No pocos de los libros de Joseph Conrad versan sobre la aventura del viaje marino. Y El corazón de las tinieblas narra la travesía de Charles Marlow a través del río Congo, en tiempos de la brutal colonización belga en África, para encontrar a Kurtz, un misterioso personaje que ha enloquecido; pero es a la vez un viaje a las profundidades del alma humana donde campean la ambición de poder y riqueza.
El viajero mira, y escribe lo que mira. Nos trae noticias, viene a satisfacer nuestra curiosidad con sus revelaciones. Y esa relación que se crea entre autor y lector, y que parte de la doble necesidad de informar y ser informado, es la misma para la escritura de invención y para la escritura de hechos reales.
Heródoto, el más antiguo de los cronistas, viajó por todo lo que era el mundo de entonces, conocido para muy pocos, y por tanto exótico. Se ganaba la vida dando conferencias sobre sus viajes, contando lo que había visto y oído. En Atenas le pagaron una vez diez talentos por una de esas conferencias. Un rollo infinito de papiro de trazos continuos, contiene sus Nueve libros de la Historia.
Cuenta Heródoto que Trasíbulo, dictador de Mileto, enseña al principiante Periandro las reglas del poder basadas en el terror, con una parábola visual: lo lleva a un campo de trigo en cosecha, y siega las espigas que más sobresalen para demostrar que así debían segarse las cabezas de los enemigos. Es lo que tantos otros dictadores han aprendido a hacer.
Para Heródoto, "la memoria es defectuosa, frágil, efímera, e incluso ilusoria". El olvido de cada individuo es capaz de borrar la historia humana.

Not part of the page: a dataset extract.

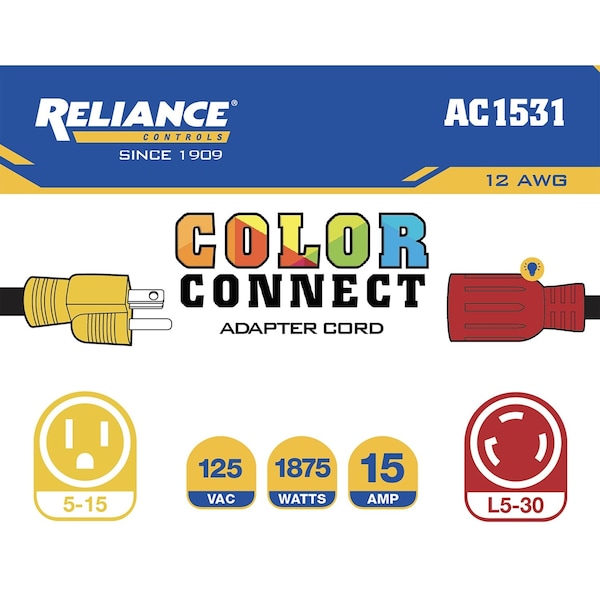 Reliance Controls Color Connect 12/3 SJTW 125 V 12 in. L Adapter Cord - AC1531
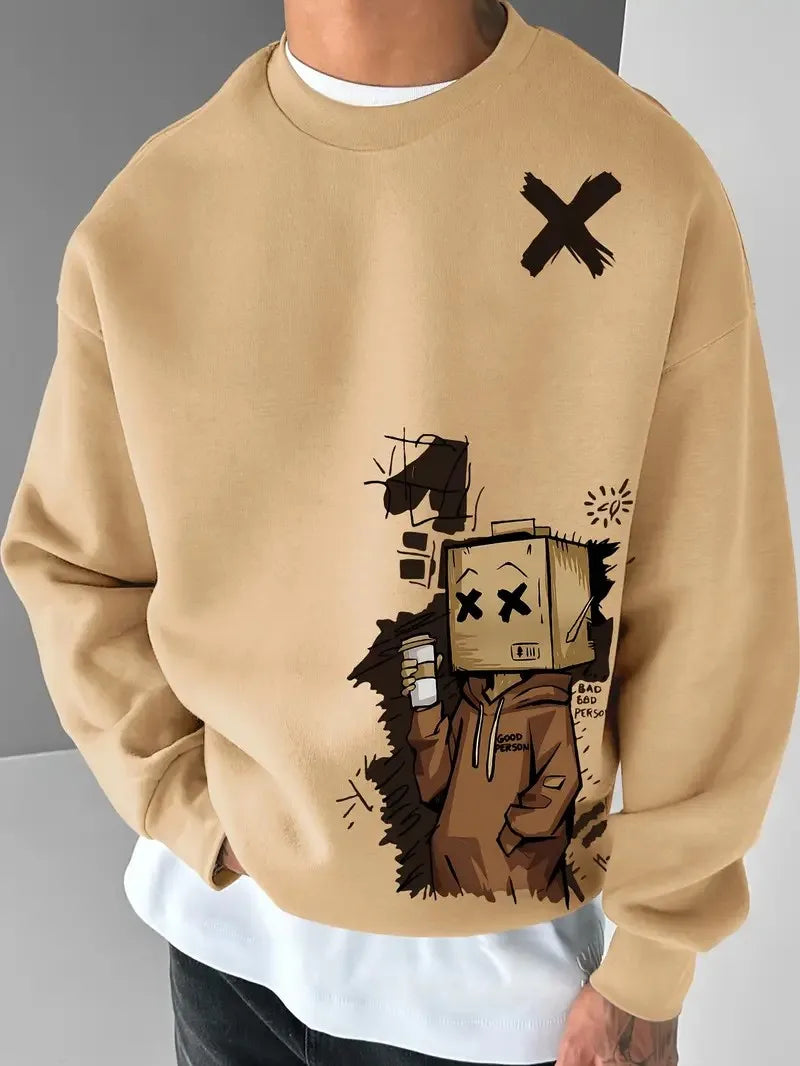 تتميز هودي رجالي جديدة بقبة دائرية لربيع وخريف 2025 بطباعة بنمط ثلاثي الأبعاد مريحة وغير رسمية على غرار الشارع.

Recordar es sobrevivir. "Todo lo que guarda la memoria en su interior puede esfumarse, desaparecer sin dejar rastro…pero sin la memoria no se puede vivir, ella eleva al hombre sobre el mundo animal".
Rodeados de memoria almacenada en nuestra era digital, siempre podemos viajar hasta el corazón de las tinieblas, como Conrad, en busca de quien nos cuente lo que sabe y lo que ha visto, igual que lo hizo Heródoto, porque sólo es así que la memoria no deja nunca de ser creativa e iluminadora.